## YOUR OBJECTIVE
Every line from the start of the entries up to and including the one bearing "법복 입는 신임 법관들" must be printed verbatim, without the pictures.

Items from a data source
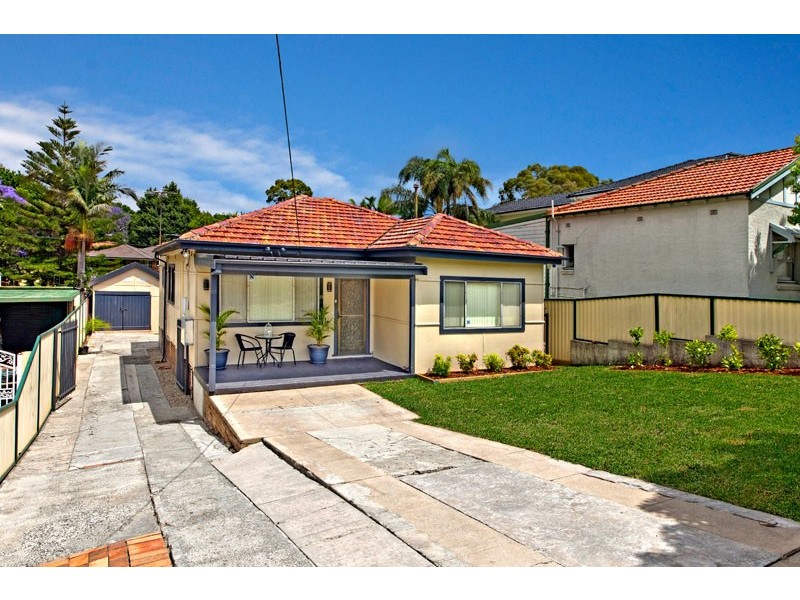 37 Lees Avenue, Croydon Park NSW 2133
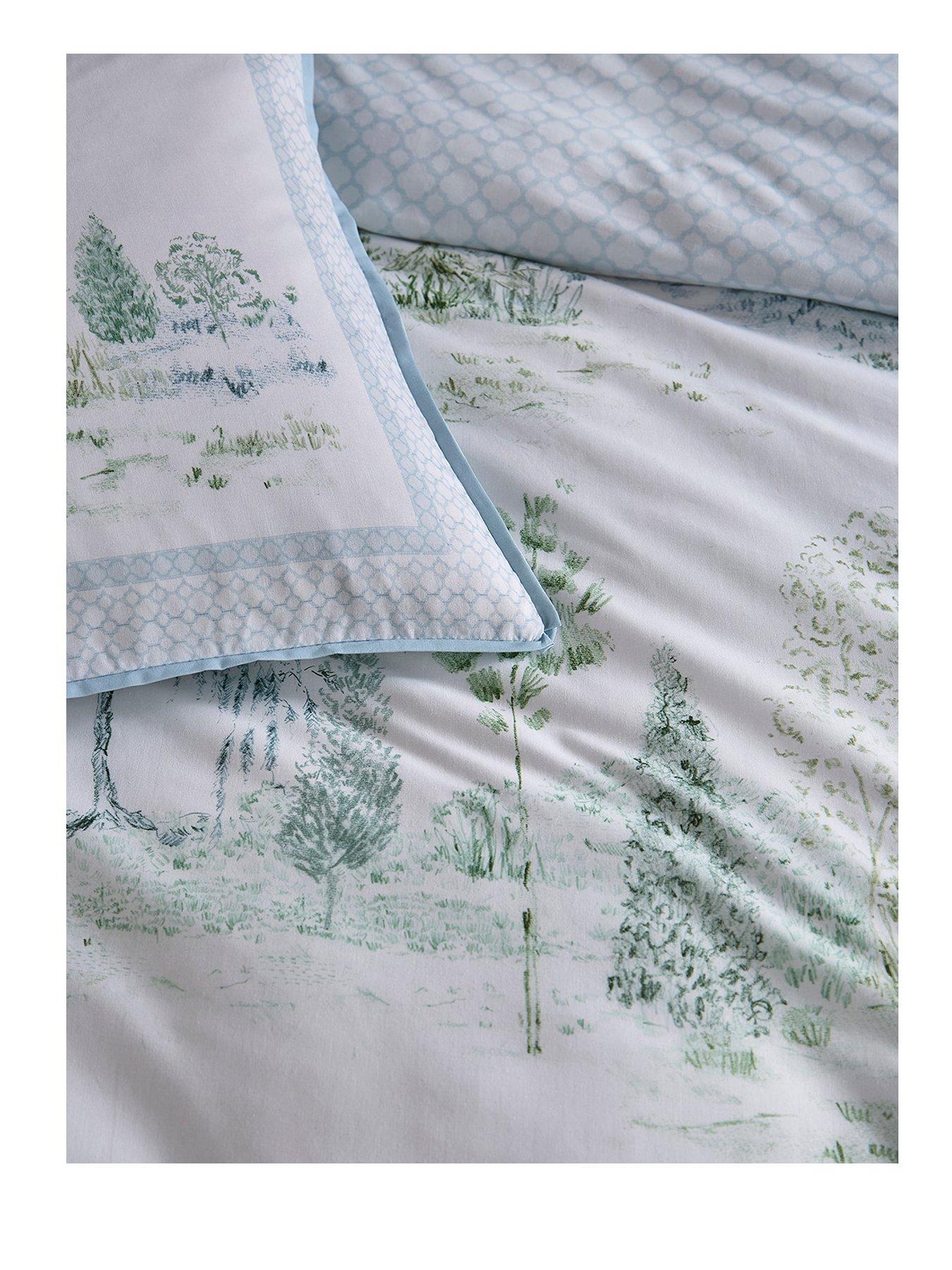 appletree-willow-tree-scene-duvet-cover-set-in-bluestillFront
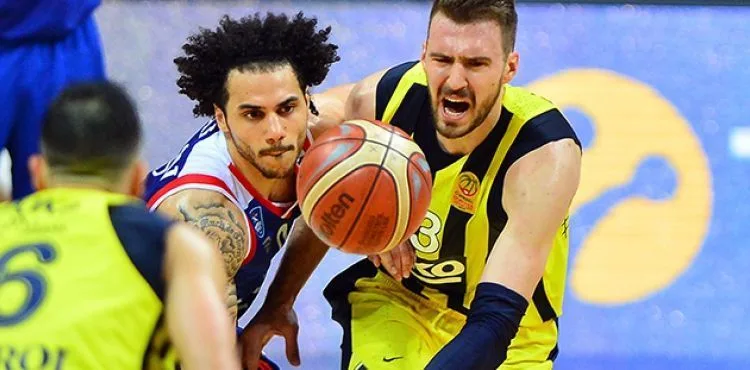 Seride durum yine eşitlendi : Fenerbahçe Beko: 85 - Anadolu Efes: 69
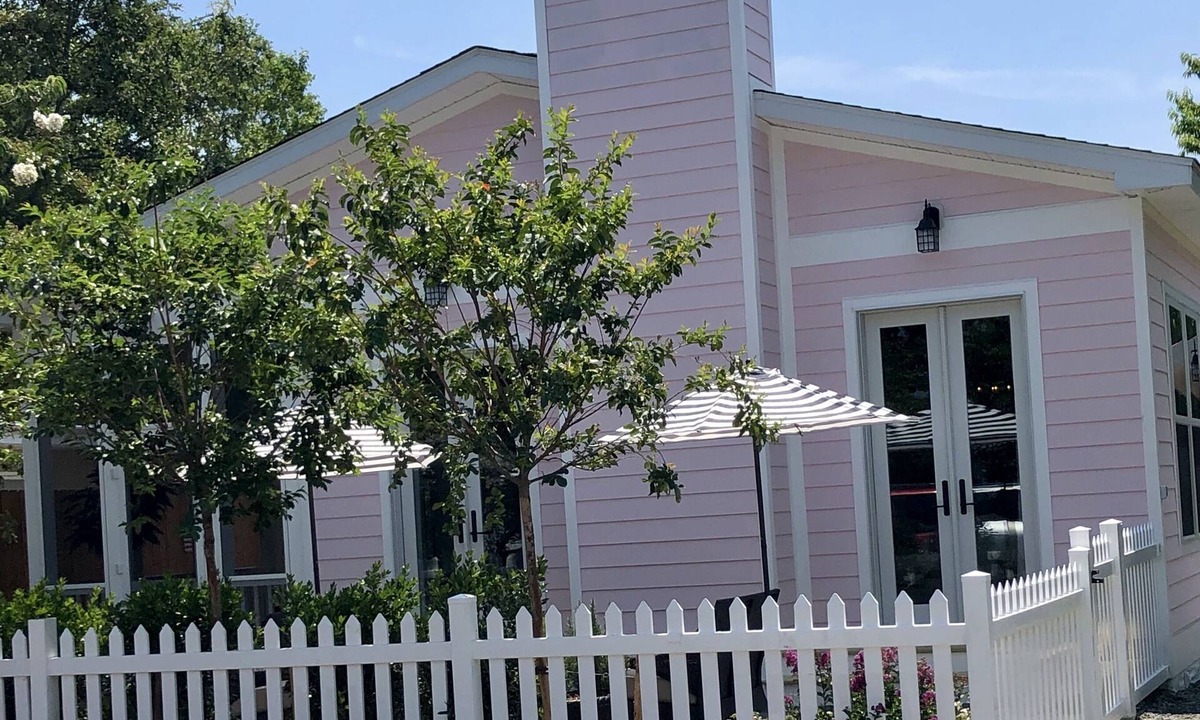 Rehoboth by the Sea House | LOVELY PINK COTTAGE. REHOBOTH BY THE SEA.BEACH BLOCK!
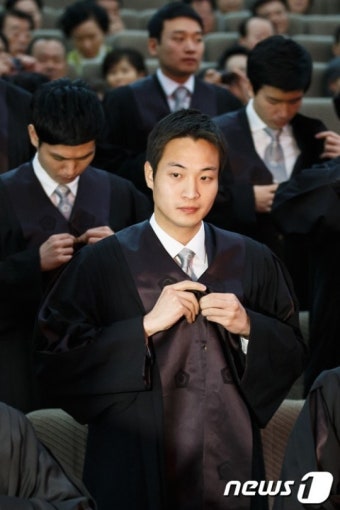 법복 입는 신임 법관들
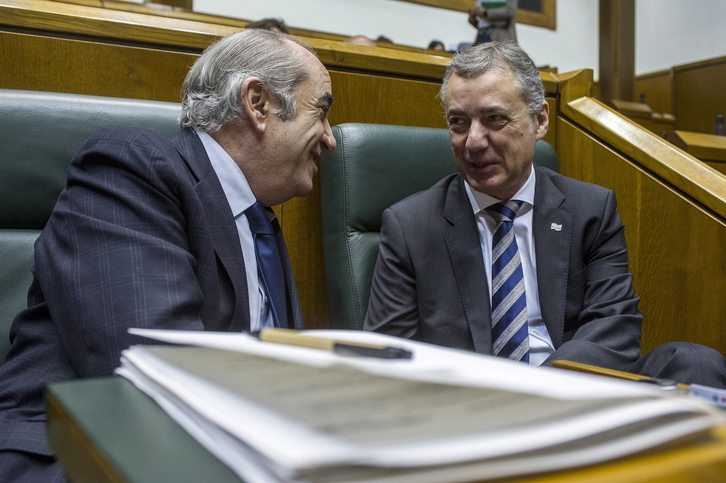 Iñaki Arriola junto a Iñigo Urkullu en el Parlamento de Gasteiz.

## TASK OUTPUT
 37 Lees Avenue, Croydon Park NSW 2133
 appletree-willow-tree-scene-duvet-cover-set-in-bluestillFront
 Seride durum yine eşitlendi : Fenerbahçe Beko: 85 - Anadolu Efes: 69
 Rehoboth by the Sea House | LOVELY PINK COTTAGE. REHOBOTH BY THE SEA.BEACH BLOCK!
 법복 입는 신임 법관들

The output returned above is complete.